One of the pigeons strutted nonchalantly down the branch and flew off across the field. Its mate watched its departure without apparent concern.

“Ostara.” Fergus remembered Jake’s satiated smirk the morning after the equinox.

“Yeah. ‘Just a bit of fun’ he says, but he’s starting to take it very seriously. Especially since you arrived.”

Fergus straightened on the root, alarmed.

“’Fraid so. At Samhain he killed a stag, you see, some poor beast he’d caught after it’d been injured in the rut. The next day they dug up the Saxon with a stag tattoo on his face. When stories started to go round about the Saxon’s ghost being seen, Jake let rumours circulate that he was responsible, like he was some kind of warlock. Then you came back and told us that a stag caused your crash, so he’s strutting round the place saying that’s proof. You’re his, like, trophy.”

Fergus stared at the stream below them, his thoughts tumbling over themselves like water over pebbles. There was too much that he didn’t understand. Seeing the Saxon in the wreckage. Hearing the power of Eadlin’s chant. The memory of his fight back towards the light. A glimpse of pure harmony, in this place.

“Eadlin, I still believe that I’m only alive because you brought me back. Does Jake have power, in that sense?”

“You brought yourself back. I just helped a bit, and nah, no way does Jake have any special power. He doesn’t have the aptitude.

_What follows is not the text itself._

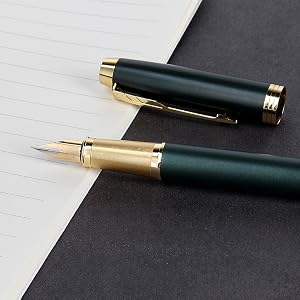 metal pen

Whatever skills I have are handed down through the generations. It takes years of study, practice, and sometimes a bit of self-denial, and I have no idea how to do the things he’s claiming to have done. I suppose Jake might have stumbled on something, but he sure as hell won’t know how to use it. Maybe that makes him dangerous.”

“Where’s all this going, Eadlin? What does Jake want to achieve?”

Eadlin shrugged. “Dunno. Jake needs to control people. I think the blood on the church is like a challenge. The frightening thing is, these days he believes in his own power, and he’s got enough ego for some people to follow him, ’specially the ones that are easily led like Hagman. But it feels like it’s more than Jake; there’s a tension building up all round us. It’s as if the village is sickening with something so you know it’s going to get worse even if right now there’s only a slight headache, like. Places like this,” she lifted her chin towards the source of the stream, “are the pulse of the land. You can feel its health. There’s a place up the valley from Allingley, around where your car crashed, a place that used to be as sacred as this. But now Jake uses it for his rituals and it feels sick, even mad.”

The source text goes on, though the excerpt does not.